The idle ramblings of a Jack of some trades, Master of none

Sep 19, 2007

Linguistic Death

Shortly after my brief rant about the legitimacy of the likes of Spanglish and Hinglish as a replacement of the teaching of English, I came across (yet another) distressing article ruing the death of the planet's linguistic diversity.

This is not a new thesis. Languages have been created and have died across the span of human existence on Earth. In the early part of human history, most people continued to live in fairly isolated communities, providing the possibility of linguistic drift and local innovation. As communications improved and man's essential warlike nature exerted itself, languages could (and often would) get wiped out by the victors in conflicts. In more recent times, bilingualism and the increased dominance of a few tongues, and the slow diminishing of cultural diversity, cause more and more languages to expire.

Several books have documented the languages on the verge of extinction. Notable among them is Helena Drysdale's Mother Tongues: Travels Through Tribal Europe is a readable example of linguistic death, revival, parochialism and passion in modern day Europe. She covers - among others - Basque, Occitan, Sami, Frisian, exploring why their speakers are restive, marginalised, angry and facing a long defeat. Mark Abley's Spoken Here - Travels Among Threatened Languages is another good account of linguistic death, an elegy to the diversity of languages and their beauty, and describes the tragedy that saps our collective humanity when they perish. He argues persuasively that people must fight to preserve their linguistic heritage, and do so not just by speaking it, but by adopting modern technologies to propagate it (for example, this), and by being flexible and adaptable. Languages are living things, accreting new concepts and vocabularies and words from other sources; if this is prevented and the language is treated as fixed and immutable, it is doomed to failure.

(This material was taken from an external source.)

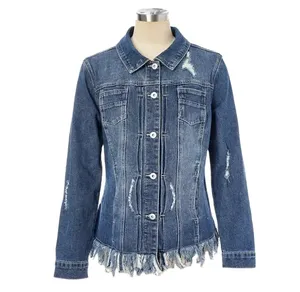 Women's Flo Short <b>Denim</b> <b>Coats</b> Ladies Streetwear Hip Hop Trend Casual Regular Fit Spring Medium Washed Simple Cotton Outwear - Product Image 1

Languages die because their last speaker dies. They die because younger speakers move away and find little use for the old tongues. They fall into disuse because their communities emigrate and jettison them out of embarrassment, and out of a desire to fit in the new homeland. Dictatorial governments force new languages on ethnic groups as a way of destroying their identities, or to promote loyalty to the larger nation. Each one of these deaths is a tragedy. We find ourselves diminished in the vanishing of a way of thinking. The disappearance of cultural and literary tradition costs us the wisdom of ages. A particular gestalt and wonder is gone.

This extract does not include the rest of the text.